《56》

50 6 20
                                    

Yazar notu: medyadaki şarkıyı dinlemenizi öneririm. Bu hikâyeyi yazarken en çok dinlediğim şarkı, her kelimesinde Alen ve Merih'i görüyorum niyeyse... iyi dinlemeler, iyi okumalar.
.

Bilekliklere uzun uzun bakmayı kesip çekmeceye koydum. Tekrar elimi zarfın içine soktuğumda bu sefer de elime bir tutam saç geçmişti. Onun saçları mıydı? Uzun, yumuşak, sapsarı, düz ve dolgun saçları..?

Gözümden akan bir damla yaşı onun saçlarına karışmaması için hemen sildim. Tedirginlikle saçlarını burnuma götürdüm. O naneli kokuyu farkında olmadan ne kadar da özlemişim. Ciğerlerime kadar çektim o kokuyu. Misler gibi kokuyordu. Sanki kokuyu her içime çekişimde azalacak gibi geliyordu. Ve ben bunun olmasını istemiyordum.
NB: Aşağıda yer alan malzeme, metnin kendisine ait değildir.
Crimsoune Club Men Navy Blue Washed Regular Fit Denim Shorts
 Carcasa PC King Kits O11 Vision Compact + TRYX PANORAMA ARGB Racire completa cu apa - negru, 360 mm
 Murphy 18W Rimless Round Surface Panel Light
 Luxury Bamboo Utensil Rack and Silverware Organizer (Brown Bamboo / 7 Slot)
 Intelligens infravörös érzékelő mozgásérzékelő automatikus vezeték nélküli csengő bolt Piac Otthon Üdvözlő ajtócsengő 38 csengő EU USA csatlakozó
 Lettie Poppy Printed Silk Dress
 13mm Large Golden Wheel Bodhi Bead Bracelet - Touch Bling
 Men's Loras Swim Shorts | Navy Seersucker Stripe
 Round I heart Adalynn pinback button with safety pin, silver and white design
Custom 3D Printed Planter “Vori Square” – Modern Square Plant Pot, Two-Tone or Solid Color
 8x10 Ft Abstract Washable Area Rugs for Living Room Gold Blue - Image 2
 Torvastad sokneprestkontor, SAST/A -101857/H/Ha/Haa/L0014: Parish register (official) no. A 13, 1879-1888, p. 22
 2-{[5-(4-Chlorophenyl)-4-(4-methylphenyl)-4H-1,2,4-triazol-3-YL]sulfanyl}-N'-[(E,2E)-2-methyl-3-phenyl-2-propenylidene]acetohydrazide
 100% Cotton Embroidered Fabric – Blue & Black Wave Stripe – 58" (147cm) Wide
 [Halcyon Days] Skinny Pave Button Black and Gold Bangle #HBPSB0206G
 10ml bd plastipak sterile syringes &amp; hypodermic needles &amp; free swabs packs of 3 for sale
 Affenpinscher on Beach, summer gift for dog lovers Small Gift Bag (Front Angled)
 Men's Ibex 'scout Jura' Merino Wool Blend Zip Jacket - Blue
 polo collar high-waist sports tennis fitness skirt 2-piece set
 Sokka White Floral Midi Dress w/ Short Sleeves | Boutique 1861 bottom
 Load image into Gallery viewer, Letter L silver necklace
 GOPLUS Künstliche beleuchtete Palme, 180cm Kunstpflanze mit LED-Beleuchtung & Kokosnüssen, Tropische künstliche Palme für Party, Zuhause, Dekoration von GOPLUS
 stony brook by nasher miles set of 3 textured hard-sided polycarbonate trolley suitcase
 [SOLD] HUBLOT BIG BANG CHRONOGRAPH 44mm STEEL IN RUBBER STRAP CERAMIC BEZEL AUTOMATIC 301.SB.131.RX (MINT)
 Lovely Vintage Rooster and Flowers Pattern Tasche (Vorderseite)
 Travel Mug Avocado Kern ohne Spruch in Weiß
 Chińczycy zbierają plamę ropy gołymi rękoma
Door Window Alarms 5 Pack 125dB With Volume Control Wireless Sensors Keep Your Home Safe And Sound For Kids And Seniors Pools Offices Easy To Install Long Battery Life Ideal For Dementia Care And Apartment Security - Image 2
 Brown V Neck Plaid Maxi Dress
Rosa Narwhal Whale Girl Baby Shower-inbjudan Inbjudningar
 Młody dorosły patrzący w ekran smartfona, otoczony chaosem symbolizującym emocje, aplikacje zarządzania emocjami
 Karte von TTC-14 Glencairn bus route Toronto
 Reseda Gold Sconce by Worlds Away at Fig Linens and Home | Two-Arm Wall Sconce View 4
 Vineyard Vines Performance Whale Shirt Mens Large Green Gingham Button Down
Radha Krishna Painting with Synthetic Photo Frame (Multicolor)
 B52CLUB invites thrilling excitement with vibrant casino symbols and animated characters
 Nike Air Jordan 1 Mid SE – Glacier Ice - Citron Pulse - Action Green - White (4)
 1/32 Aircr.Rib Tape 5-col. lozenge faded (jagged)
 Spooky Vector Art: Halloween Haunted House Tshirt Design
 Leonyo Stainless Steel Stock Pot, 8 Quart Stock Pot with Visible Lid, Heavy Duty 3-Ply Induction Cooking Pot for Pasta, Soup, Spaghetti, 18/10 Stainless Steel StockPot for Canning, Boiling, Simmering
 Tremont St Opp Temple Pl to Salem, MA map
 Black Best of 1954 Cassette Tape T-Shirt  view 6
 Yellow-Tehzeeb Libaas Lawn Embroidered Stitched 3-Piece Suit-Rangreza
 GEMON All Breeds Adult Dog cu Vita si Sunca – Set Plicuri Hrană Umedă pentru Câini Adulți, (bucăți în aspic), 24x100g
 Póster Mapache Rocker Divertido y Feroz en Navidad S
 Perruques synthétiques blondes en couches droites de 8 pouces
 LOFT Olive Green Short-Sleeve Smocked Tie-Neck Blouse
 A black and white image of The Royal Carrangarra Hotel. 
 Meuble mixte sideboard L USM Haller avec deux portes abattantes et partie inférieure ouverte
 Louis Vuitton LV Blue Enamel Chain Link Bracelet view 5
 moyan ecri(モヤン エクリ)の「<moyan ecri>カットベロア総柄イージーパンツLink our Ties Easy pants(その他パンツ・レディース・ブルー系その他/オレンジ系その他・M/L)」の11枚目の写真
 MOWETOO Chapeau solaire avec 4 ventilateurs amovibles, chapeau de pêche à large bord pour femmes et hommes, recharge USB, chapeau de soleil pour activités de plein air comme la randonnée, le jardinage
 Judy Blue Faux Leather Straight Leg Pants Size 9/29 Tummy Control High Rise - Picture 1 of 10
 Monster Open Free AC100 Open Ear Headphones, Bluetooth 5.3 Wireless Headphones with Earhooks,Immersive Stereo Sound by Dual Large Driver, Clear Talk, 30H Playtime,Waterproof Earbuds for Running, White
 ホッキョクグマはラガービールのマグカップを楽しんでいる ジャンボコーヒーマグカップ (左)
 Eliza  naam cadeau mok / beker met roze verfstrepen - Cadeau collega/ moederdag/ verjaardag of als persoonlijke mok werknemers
Saç tutamını da bilekliklerin yanına koyup tekrar zarfa baktım. Bu sefer dörde katlanmış iki tane A4 kağıdından başka bir şey yoktu. Kağıdı, daha doğrusu kağıtları açıp okumadan göz gezdirdim. Bazı satırların mürekkebine su damlamış gibiydi ama okunmayacak kadar berbat değildi.

Kalbim cayır cayır yanmaya başladığında biraz olsun sönmesi için içime derin bir nefes çektim. İlk kağıdı açıp okumaya başladım.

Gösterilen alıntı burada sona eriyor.